Como ele está morto e nunca em vida conversou com alguém sobre o assunto, jamais saberemos os motivos e as circunstâncias psíquicas que fizeram com que o rapaz entrasse na escola de Realengo e praticasse aquele massacre de crianças. Todos temos o direito de fazer suposições, mas jamais conheceremos a verdade, é inútil insistir.
Talvez nos reste apenas tirar das circunstâncias da tragédia algum ensinamento, seguindo umas poucas pistas a nosso dispor. A mais importante delas está certamente na carta deixada pelo assassino, um pouco subestimada pelo que andei lendo nos jornais.
Ali está, antes de tudo (ou “primeiramente”, como o autor a inicia), uma ostensiva divisão do mundo entre os “puros” e os “impuros”, não podendo estes nem ao menos tocar em seu corpo. Mais do que fazendo uma declaração religiosa fundamentalista, Wellington está assim se referindo à incompatibilidade entre ele e os outros, sendo estes os que não merecem viver no mesmo mundo que ele.
Talvez estivesse até dividido entre esse “eu” e “o outro”, sendo ele mesmo as duas coisas.

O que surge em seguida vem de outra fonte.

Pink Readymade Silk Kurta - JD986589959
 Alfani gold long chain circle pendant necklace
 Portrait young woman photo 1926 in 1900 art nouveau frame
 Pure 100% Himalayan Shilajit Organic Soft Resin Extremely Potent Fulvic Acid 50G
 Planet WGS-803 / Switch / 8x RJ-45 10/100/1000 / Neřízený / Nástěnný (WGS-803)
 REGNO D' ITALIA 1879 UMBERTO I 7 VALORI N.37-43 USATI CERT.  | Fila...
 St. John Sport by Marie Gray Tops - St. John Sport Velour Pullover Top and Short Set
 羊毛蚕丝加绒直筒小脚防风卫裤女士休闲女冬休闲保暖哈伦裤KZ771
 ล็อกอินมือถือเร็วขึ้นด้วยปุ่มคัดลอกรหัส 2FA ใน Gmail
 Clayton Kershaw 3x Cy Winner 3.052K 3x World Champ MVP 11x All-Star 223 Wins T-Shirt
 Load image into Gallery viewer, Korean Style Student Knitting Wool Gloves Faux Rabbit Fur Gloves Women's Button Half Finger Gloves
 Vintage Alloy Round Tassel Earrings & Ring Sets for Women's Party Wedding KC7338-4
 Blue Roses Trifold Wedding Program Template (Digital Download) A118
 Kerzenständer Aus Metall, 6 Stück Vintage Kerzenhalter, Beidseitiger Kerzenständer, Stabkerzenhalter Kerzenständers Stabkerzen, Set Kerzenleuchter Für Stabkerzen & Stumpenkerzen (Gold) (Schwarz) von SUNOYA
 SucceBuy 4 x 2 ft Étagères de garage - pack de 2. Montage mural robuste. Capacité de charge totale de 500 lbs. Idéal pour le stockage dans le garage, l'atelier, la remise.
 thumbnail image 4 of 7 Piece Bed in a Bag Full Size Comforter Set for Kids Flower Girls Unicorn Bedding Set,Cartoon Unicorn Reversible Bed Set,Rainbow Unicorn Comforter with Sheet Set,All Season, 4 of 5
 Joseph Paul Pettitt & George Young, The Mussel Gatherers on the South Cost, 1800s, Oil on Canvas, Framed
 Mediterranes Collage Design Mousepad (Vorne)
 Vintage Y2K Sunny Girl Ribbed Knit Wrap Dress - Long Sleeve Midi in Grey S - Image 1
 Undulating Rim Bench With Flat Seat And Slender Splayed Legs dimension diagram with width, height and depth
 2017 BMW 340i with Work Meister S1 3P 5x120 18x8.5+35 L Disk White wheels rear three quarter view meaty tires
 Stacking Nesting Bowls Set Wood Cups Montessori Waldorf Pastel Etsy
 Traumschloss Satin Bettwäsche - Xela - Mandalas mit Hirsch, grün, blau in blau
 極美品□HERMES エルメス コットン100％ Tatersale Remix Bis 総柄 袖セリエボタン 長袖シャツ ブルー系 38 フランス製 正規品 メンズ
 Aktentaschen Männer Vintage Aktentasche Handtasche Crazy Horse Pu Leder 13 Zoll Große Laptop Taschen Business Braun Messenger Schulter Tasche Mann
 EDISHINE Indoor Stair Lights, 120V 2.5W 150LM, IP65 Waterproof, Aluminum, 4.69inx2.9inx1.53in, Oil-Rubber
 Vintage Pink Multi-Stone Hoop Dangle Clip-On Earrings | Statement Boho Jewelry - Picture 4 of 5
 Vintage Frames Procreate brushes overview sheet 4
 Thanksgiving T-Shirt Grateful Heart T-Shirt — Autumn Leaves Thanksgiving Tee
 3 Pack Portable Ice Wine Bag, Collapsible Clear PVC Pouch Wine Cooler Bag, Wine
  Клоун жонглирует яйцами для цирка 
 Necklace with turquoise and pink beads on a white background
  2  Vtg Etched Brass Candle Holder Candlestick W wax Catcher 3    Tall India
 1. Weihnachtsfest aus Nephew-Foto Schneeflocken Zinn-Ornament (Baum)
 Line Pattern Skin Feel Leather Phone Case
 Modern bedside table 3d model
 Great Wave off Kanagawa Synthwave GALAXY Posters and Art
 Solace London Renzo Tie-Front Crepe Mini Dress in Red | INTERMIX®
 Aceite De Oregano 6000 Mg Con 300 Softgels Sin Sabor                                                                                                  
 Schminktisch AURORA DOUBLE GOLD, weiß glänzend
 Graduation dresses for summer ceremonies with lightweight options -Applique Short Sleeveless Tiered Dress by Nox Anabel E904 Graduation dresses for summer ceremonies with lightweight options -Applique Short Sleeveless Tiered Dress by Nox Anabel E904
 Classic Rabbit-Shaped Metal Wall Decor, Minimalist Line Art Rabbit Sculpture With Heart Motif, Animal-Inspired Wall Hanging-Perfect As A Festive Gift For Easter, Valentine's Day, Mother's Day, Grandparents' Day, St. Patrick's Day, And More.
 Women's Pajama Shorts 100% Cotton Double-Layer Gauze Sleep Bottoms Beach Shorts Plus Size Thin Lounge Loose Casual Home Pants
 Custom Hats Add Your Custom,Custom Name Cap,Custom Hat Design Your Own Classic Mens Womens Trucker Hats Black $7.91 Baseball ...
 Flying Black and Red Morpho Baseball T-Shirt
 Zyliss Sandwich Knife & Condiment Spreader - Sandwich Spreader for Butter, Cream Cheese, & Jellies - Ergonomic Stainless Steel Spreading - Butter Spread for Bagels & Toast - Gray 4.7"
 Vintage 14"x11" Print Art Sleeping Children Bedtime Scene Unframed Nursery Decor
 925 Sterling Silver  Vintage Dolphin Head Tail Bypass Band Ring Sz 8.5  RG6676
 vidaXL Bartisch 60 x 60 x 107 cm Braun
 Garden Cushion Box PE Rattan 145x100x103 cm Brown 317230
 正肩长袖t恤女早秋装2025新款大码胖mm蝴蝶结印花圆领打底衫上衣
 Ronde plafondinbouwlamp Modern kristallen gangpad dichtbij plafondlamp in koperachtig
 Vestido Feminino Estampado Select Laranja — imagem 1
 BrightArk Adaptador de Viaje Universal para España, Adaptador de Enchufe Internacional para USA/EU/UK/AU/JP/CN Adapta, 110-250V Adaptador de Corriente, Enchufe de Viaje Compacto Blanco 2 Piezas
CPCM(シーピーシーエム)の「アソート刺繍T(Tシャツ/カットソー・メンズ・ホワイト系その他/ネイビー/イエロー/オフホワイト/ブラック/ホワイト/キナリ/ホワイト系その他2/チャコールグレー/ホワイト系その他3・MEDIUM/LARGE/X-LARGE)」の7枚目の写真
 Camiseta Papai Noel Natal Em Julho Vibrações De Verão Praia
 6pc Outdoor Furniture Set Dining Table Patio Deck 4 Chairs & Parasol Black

Wellington atirou de preferência em meninas, como se estivesse eliminando preferencialmente o desejo que o tornava “impuro”. Ou seja, que o tornava “o outro”. Mas isso, mais uma vez, é apenas uma suposição.
Como também poderia estar se vingando do que outras crianças podem ter feito com ele no passado, nas mesmas salas de aula em que perseguiu suas vítimas. Alguns relatos dizem que Wellington teria sido alvo de bullying (será que o verbo “bolinar” é um anglicismo decorrente de “bullying” ou os dois vocábulos têm igual raiz latina?), quando estudou naquela mesma escola dos 11 aos 14 anos de idade e era conhecido como Sherman (referência ao nerd de “American Pie”) ou Suingue (por mancar de uma perna).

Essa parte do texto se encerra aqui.